HMRC does not produce P60s. The employer's payroll software generates the form from the payroll records accumulated during the year. UK payroll software that holds the HMRC Recognised badge must generate P60s that comply with the official field specification and, where issued digitally, meet HMRC's standards for electronic issuance.
Who must receive a P60
Only employees in employment on 5 April receive a P60 [2]. Employees who left the employer during the tax year receive a P45 at the point of departure instead, so a P60 is not issued to them.
Several categories of employee are commonly overlooked at year end:
- Employees on long-term sick leave who have not formally resigned remain in employment and must receive a P60 [2].

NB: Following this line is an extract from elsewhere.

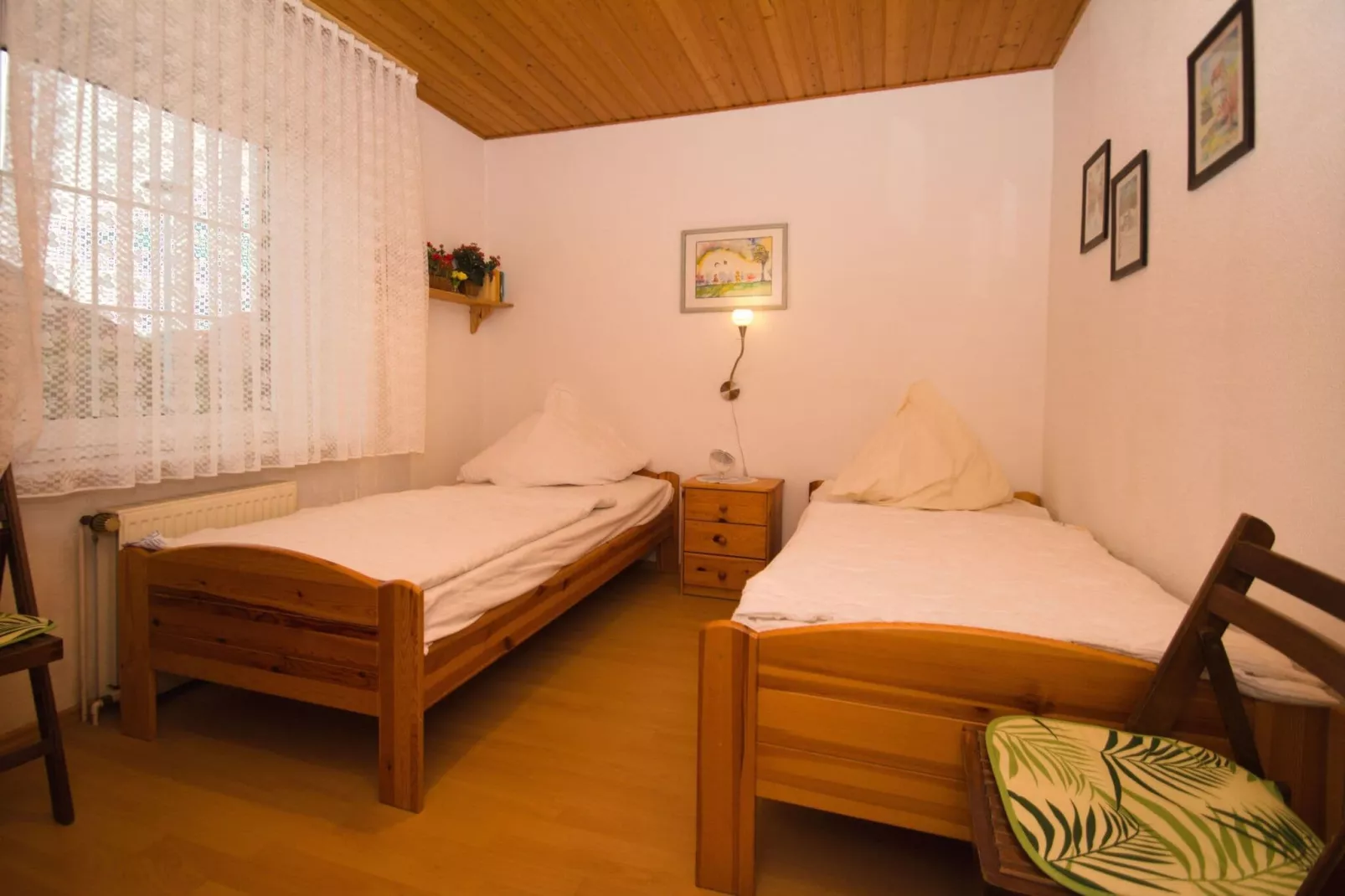 Ferienhaus Renate Neßmersiel-Bedroom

- Employees on maternity, paternity, adoption or shared parental leave retain their employment status throughout the leave period.
- Employees on secondment abroad remain employed by the UK entity and fall within the same rule.

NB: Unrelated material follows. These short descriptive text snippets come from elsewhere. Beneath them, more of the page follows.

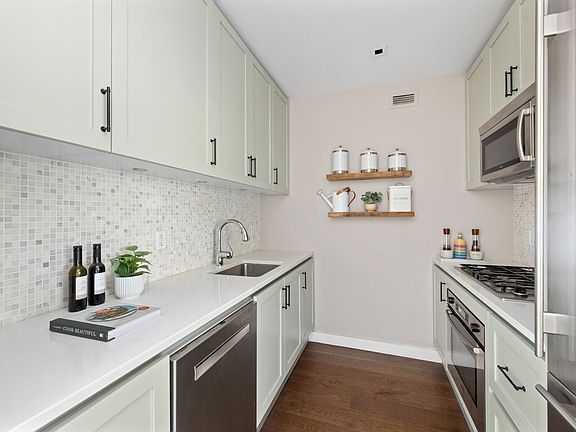 5th image of 555 W 59th St APT 21H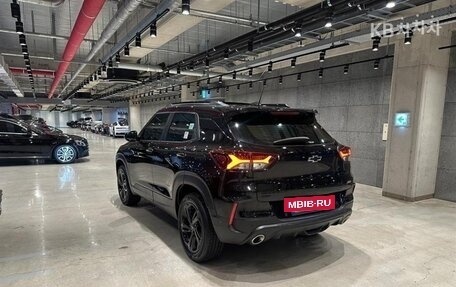 Chevrolet TrailBlazer, 2023 год, 2 360 020 рублей, 3 фотография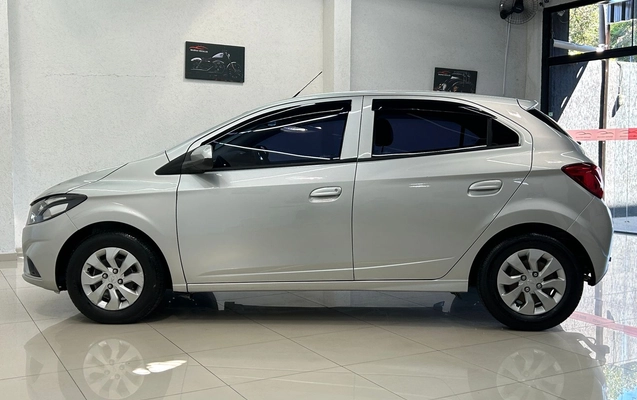 imagem-https://www.socarrao.com.br/sc-vehicle-images-prod/3735429/1788969673522-03102ea1-6600-4f21-8f4c-dc487c9fe029.jpeg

- Occupational pensioners receiving a pension from a former employer receive a P60 for that pension income, because PAYE applies to occupational pension payments in the same way as employment income [3].
An employer who employed the same worker more than once during the tax year issues a single P60, incorporating the combined figures from both periods of employment.
The 31 May deadline
The law sets 31 May as the latest date for issuing the P60 [1]. For the 2026-27 tax year, that falls on 31 May 2027. The deadline applies regardless of whether the P60 is issued on paper or electronically.
Where a P60 contains an error after issue, the employer must provide a correction in a letter setting out the amendment or in a new P60 marked "Replacement" [5]. Employers must not issue a second P60 for the same tax year and the same employment without clearly marking it as a replacement, as duplicate documents create confusion for lenders and HMRC alike.
What the P60 Contains
The P60 is a structured document with a fixed set of fields specified by HMRC. Each section draws on data accumulated through the payroll year.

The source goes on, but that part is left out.